### GIVEN RECORDS
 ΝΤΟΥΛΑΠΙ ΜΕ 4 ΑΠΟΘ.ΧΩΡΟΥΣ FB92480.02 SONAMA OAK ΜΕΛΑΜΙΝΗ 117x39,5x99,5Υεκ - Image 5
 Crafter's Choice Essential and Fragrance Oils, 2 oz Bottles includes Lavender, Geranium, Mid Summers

...

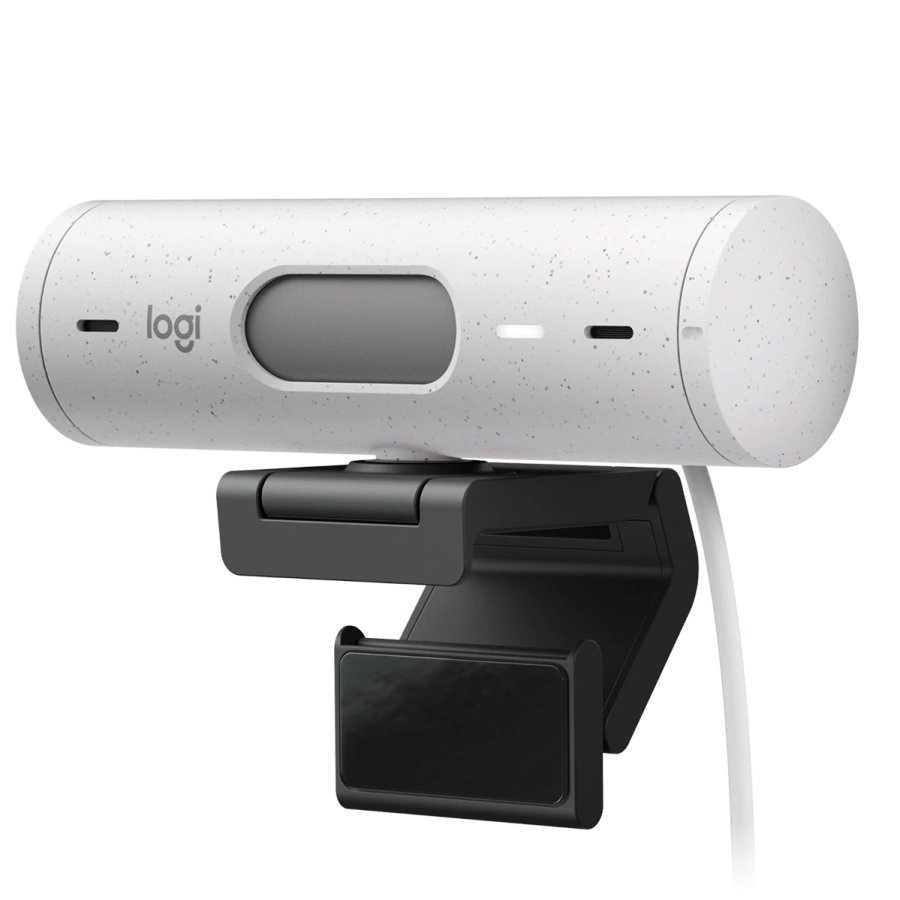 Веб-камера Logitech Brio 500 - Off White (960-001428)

* * *

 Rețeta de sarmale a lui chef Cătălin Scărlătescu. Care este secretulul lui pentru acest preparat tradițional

### ABOUT THIS EXERCISE
Nothing should appear in the answer except the lines above from the line with "ΝΤΟΥΛΑΠΙ ΜΕ 4" through the line with "Crafter's Choice Essential", both included, written out exactly.

### TASK SOLUTION
 ΝΤΟΥΛΑΠΙ ΜΕ 4 ΑΠΟΘ.ΧΩΡΟΥΣ FB92480.02 SONAMA OAK ΜΕΛΑΜΙΝΗ 117x39,5x99,5Υεκ - Image 5
 Crafter's Choice Essential and Fragrance Oils, 2 oz Bottles includes Lavender, Geranium, Mid Summers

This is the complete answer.